94. The CGT discount applies to a capital gain made by an individual, a complying superannuation entity, a trust, or (in the circumstances set out in paragraph 115-10(d)) a life insurance company, and the other requirements of Subdivision 115-A are satisfied.

95. One of those requirements is that the capital gain must result from a CGT event happening to a CGT asset that was acquired by the entity that made the capital gain at least 12 months before the CGT event happened (subsection 115-25(1)).

96. Consequently, a capital gain made by a Spotless shareholder who participated in the Scheme when they disposed of their Spotless share is entitled to the CGT discount if the shareholder acquired the Spotless share at least 12 months before the date of disposal under the Scheme, being the Scheme Implementation Date of 16 August 2012, and the other requirements in Subdivision 115-A are met.

Foreign resident shareholders

97. Under subsection 855-10(1), an entity disregards a capital gain or capital loss from a CGT event if they are a foreign resident, or the trustee of a foreign trust for CGT purposes, just before the CGT event happens and the CGT event happens in relation to a CGT asset that is not 'taxable Australian property'.

98. The term 'taxable Australian property' is defined in the table in section 855-15. The table sets out the following five categories of CGT assets:

Item 1 taxable Australian real property;
Item 2 an indirect Australian real property interest not covered by item 5;
Item 3 a CGT asset used at any time in carrying on a business through a permanent establishment in Australia and which is not covered by item 1, 2 or 5;
Item 4 an option or right to acquire a CGT asset covered by item 1, 2 or 3; and
Item 5 a CGT asset that is covered by subsection 104-165(3) (choosing to disregard a gain or loss on ceasing to be an Australian resident).

99. A foreign resident, or the trustee of a foreign trust for CGT purposes, just before CGT event A1 happens under the Scheme, can not disregard a capital gain or capital loss from CGT event A1 happening under subsection 855-10(1) if:

their shares in Spotless were an indirect Australian real property interests (item 2 of the table in section 855-15); or
their shares in Spotless had been used at any time by the foreign resident, or the trustee of a foreign trust for CGT purposes, in carrying on a business through a permanent establishment in Australia (item 3 of the table in section 855-15); or
their shares in Spotless were covered by subsection 104-165(3) (item 5 of the table in section 855-15).

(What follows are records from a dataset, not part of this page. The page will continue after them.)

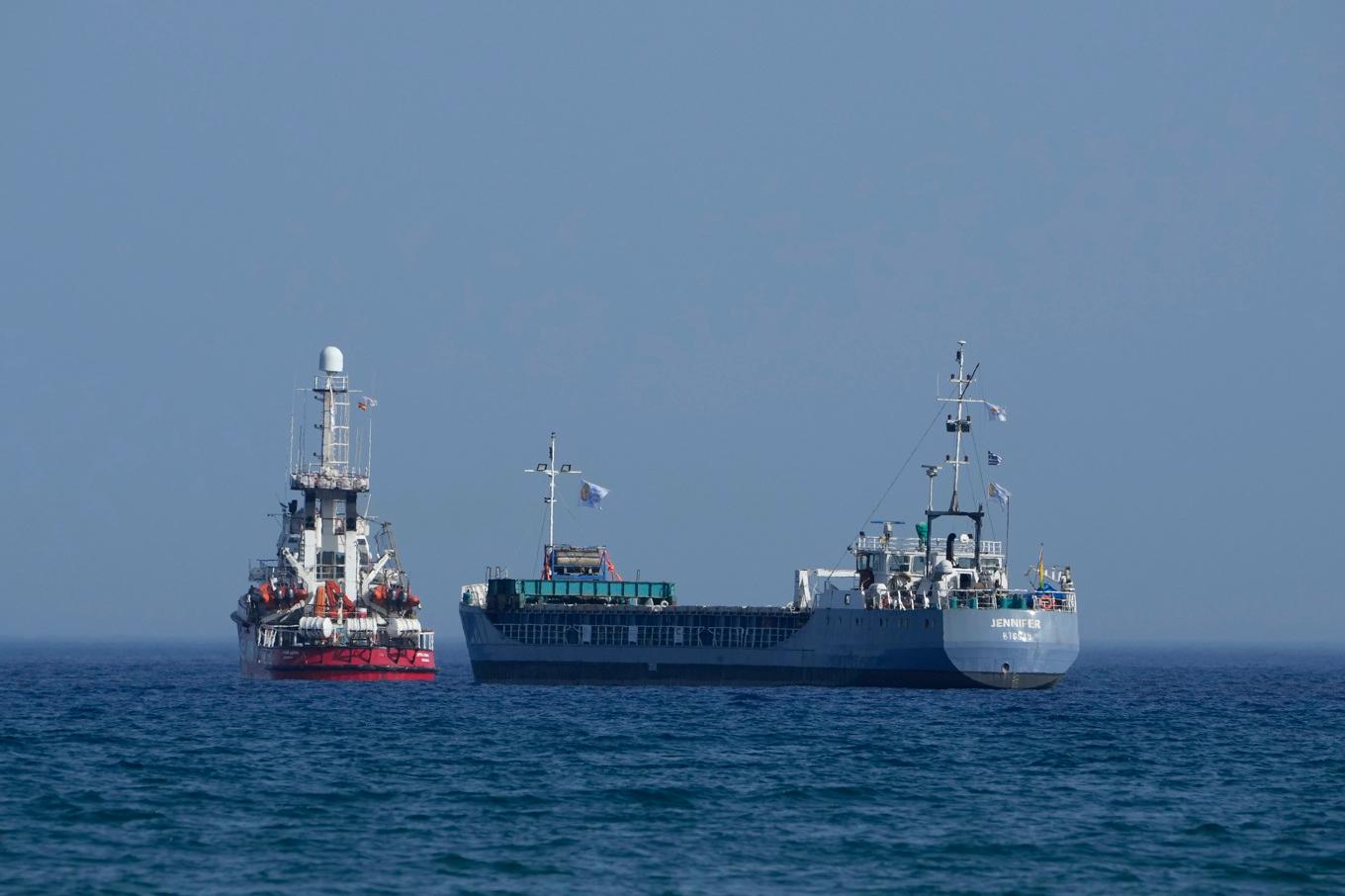 Ett lastfartyg som har lämnat Larnaca på Cypern, på väg mot Gaza på lördagen. Foto: Petros Karadjias/AP/TT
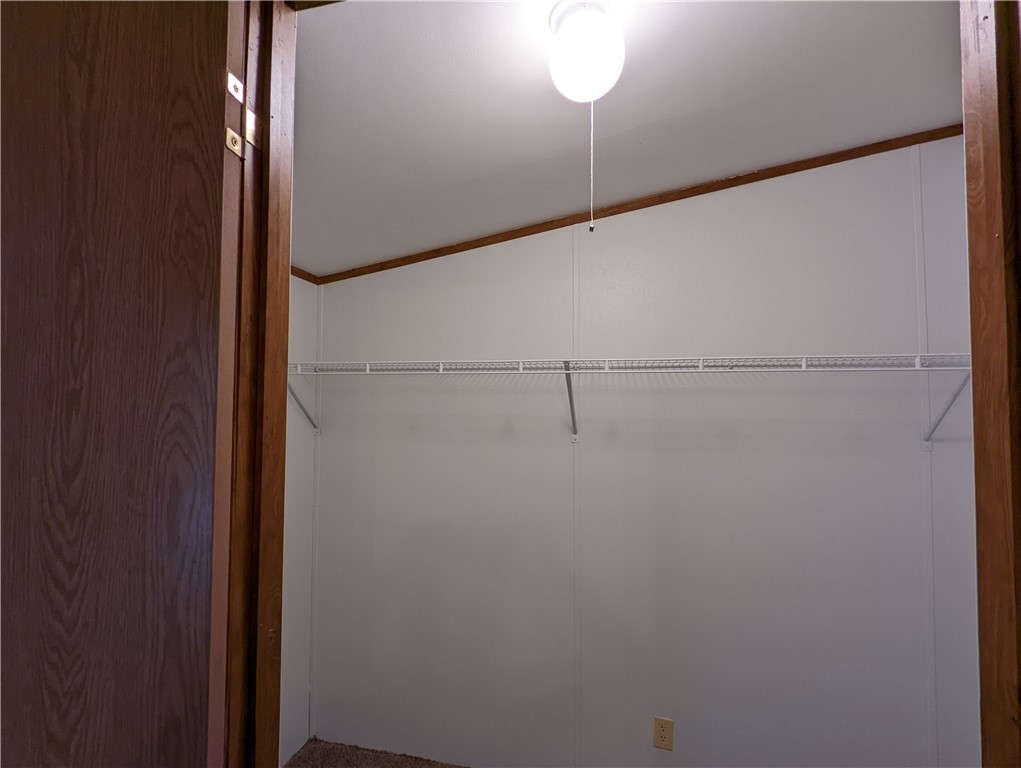 208 Elma Road Anderson, SC 29625 - Photo 11 of 20 Master Closet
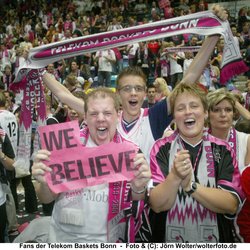 Fans der Telekom Baskets Bonn , mit Plakat " We Believe " , Playoff-Halbfinale 4. Spiel , 20040523 , Copyright: wolterfoto.de, Jede Nutzung ist gem. AGB honorarpflichtig! J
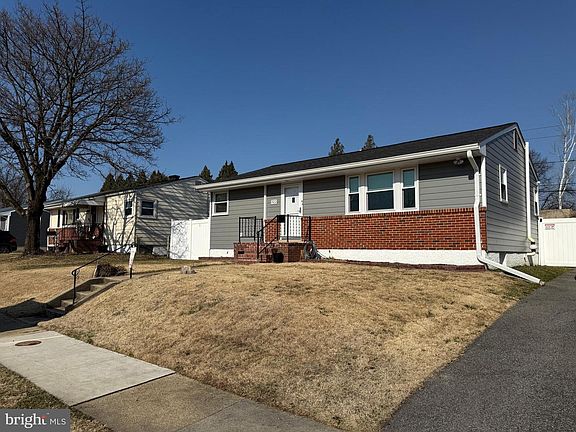 4th image of 322 Cheddington Rd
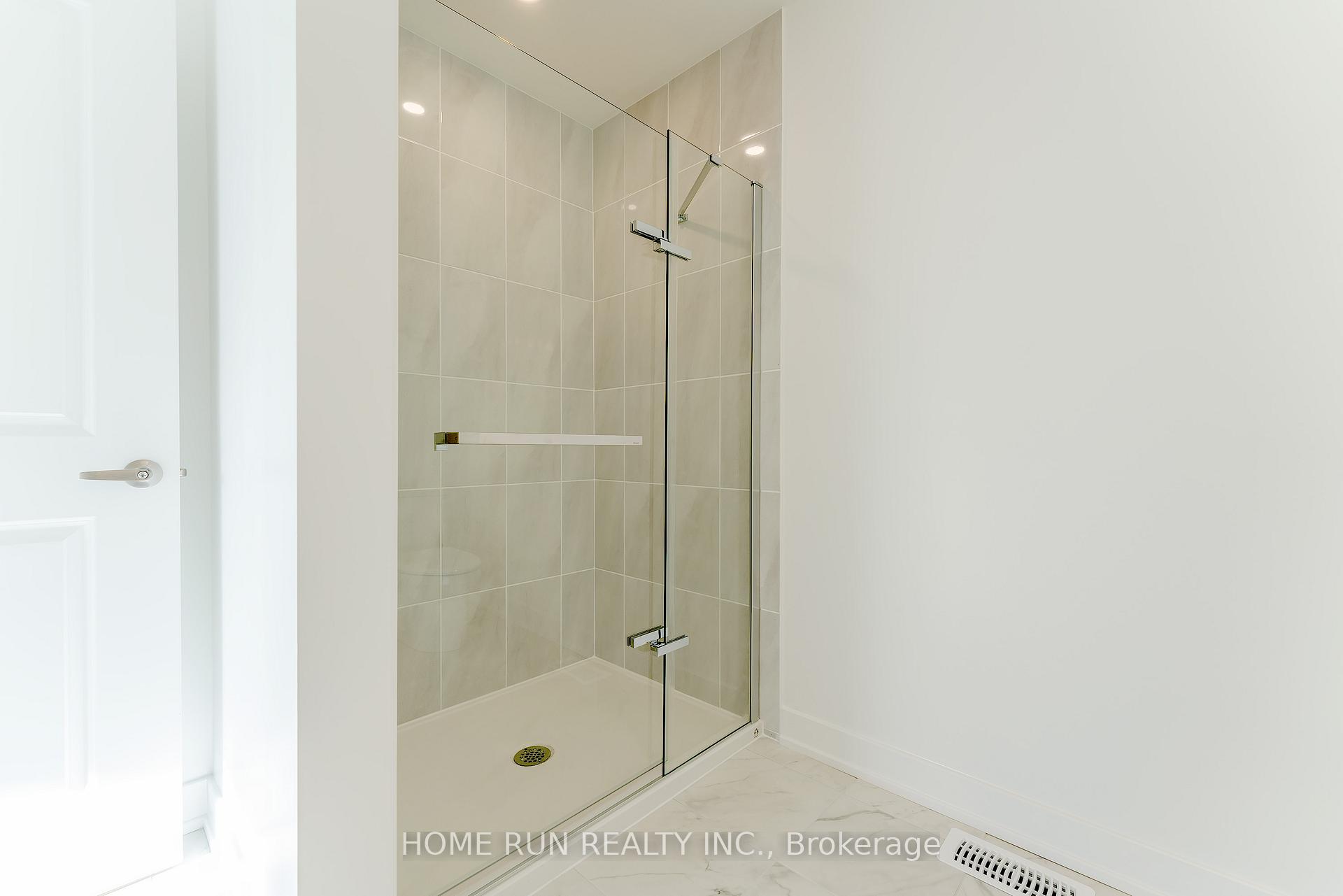 Photo 12 of 51 Arinto Place, Ottawa, Kanata - Emerald Meadows/Trailwest — HOMEH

100. Item 2 of the table in section 855-15 defines taxable Australian property to include an indirect Australian real property interest. An indirect Australian real property interest under section 855-25 is an interest held by an entity in another entity if it passes:

the non-portfolio interest test under section 960-105; and
the principal asset test in section 855-30.

101. The non-portfolio interest test under section 960-195 is as follows:

An interest held by an entity (the holding entity) in another entity (the test entity) passes the non-portfolio interest test at a time if the sum of the direct participation interests held by the holding entity and its associates in the test entity at that time is 10% or more.

102. Spotless has advised that, just before the Scheme was implemented, there were no non-residents, either alone or together with any associates, who beneficially hold more than 10% of the shares in Spotless. Accordingly, none of the Spotless shares disposed of as a part of the Scheme pass the non-portfolio interest test. Consequently, Spotless shares held by non-residents do not constitute indirect Australian real property interest.

103. Since the first condition of an indirect Australian real property under section 855-25 is not satisfied, it is not necessary to consider the application of the principal asset test. The Spotless shares did not constitute 'taxable Australian property' of foreign resident shareholders.

Anti-avoidance provisions

Section 204-30

104. Section 204-30 applies where a corporate tax entity streams the payment of dividends, or the payment of dividends and the giving of other benefits, to its members in such a way that:

(a)
an imputation benefit is, or apart from section 204-30 would be, received by a member of the entity as a result of the distribution or distributions (paragraph 204-30(1)(a));
(b)
the member would derive a greater benefit from franking credits than another member of the entity (paragraph 204-30(1)(b)); and
(c)
the other member of the entity will receive lesser imputation benefits, or will not receive any imputation benefits, whether or not the other member receives other benefits (paragraph 204-30(1)(c)).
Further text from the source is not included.